Here we are, more than 40 years after the initial exploration of high performance liquid chromatography (HPLC). Many things have changed, some innovations have come and gone, but the reciprocating-piston pump still remains as a key component of the LC system. We've tried pneumatically driven pumps, piston-diaphragm pumps, syringe pumps, and some other ideas, but none have proven to be superior to the reciprocating-piston pump. Yes, some changes have been made, but the basic operation remains the same. This month's "LC Troubleshooting" installment will take a look at the design of these durable pumps and also examine some of the potential weaknesses and how to overcome them.

The Basic Design

Figure 1: Single-piston reciprocating pump: (a) Pump in intake, or fill cycle; (b) pump in delivery cycle; and (c) partial section of piston showing cut-away portion of piston seal. See text for discussion.

The basic design and operation of the reciprocating-piston pump is illustrated by the single-piston pump shown in Figure 1. The key components are a piston, pump seal, pump head, and a couple of check valves. The piston, usually made of sapphire, is driven back and forth in the pump head by a rotating motor.
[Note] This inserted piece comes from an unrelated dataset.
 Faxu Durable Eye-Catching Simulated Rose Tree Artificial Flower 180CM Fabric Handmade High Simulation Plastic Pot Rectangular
Various means have been conceived to convert the rotary motion of the motor into the bidirectional movement of the piston. Most commonly, this is done by a cam pressing against one end of the piston to push it into the pump head and a spring to push the piston back out. The pump seal is shown in the inset in Figure 1c. It is a polymer ring that fits around the piston, and a small lip forms a liquid-tight seal against the piston with the aid of a spring and liquid pressure. A pair of ruby check valves with sapphire seats are mounted on the top and bottom of the pump head. The check valves control the direction of flow through the pump. On the intake stroke (Figure 1a), the piston is withdrawn, which creates a low pressure area inside the pump head. This allows the outlet check valve to close and the inlet check valve to open, so that mobile phase flows in to fill the pump head. On the delivery stroke (Figure 1b), the piston moves into the pump head, and the inlet check valve is closed as the pressure increases. When the pressure inside the pump head exceeds the pressure in the column, the outlet check valve opens and mobile phase flows to the column. When all is working well, this simple pump design is quite reliable.
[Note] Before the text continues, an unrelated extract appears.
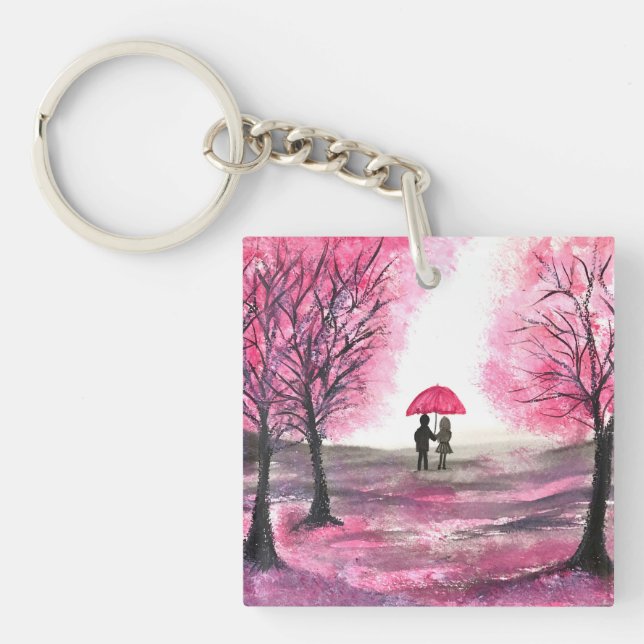 Rustic wedding love couple cherry blossoms tree key ring (Front)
The weak points in the design are the check valves and the pump seal. The operation of the check valves and some design improvements were discussed in the June 2008 installment of "LC Troubleshooting" (1). Contamination of the check valves can cause them to leak, and under the right circumstances, acetonitrile in the mobile phase can cause the inlet check valve to stick closed. The pump seal forms a seal against the moving piston, and although the sapphire piston is very smooth, the seal eventually will wear out. This wear is accelerated if buffer is allowed to sit in an unused pump, because the liquid behind the seal evaporates and leaves an abrasive layer of buffer crystals. These abrade the seal when the pump is restarted, and can shorten the seal life. Generally the pump seals will last 6–12 months under normal operation if buffers are rinsed from the system before shutdown.

Bubbles of air trapped in the pump head will cause the pump to under-deliver mobile phase. Bubbles can result when mobile phases are not degassed sufficiently. Fortunately, most of today's LC systems incorporate an inline vacuum degasser to degas the mobile phase automatically. So if the pump is purged of bubbles when it is started, bubble problems in the pump are not a common problem today — they were the bane of the chromatographer in years past.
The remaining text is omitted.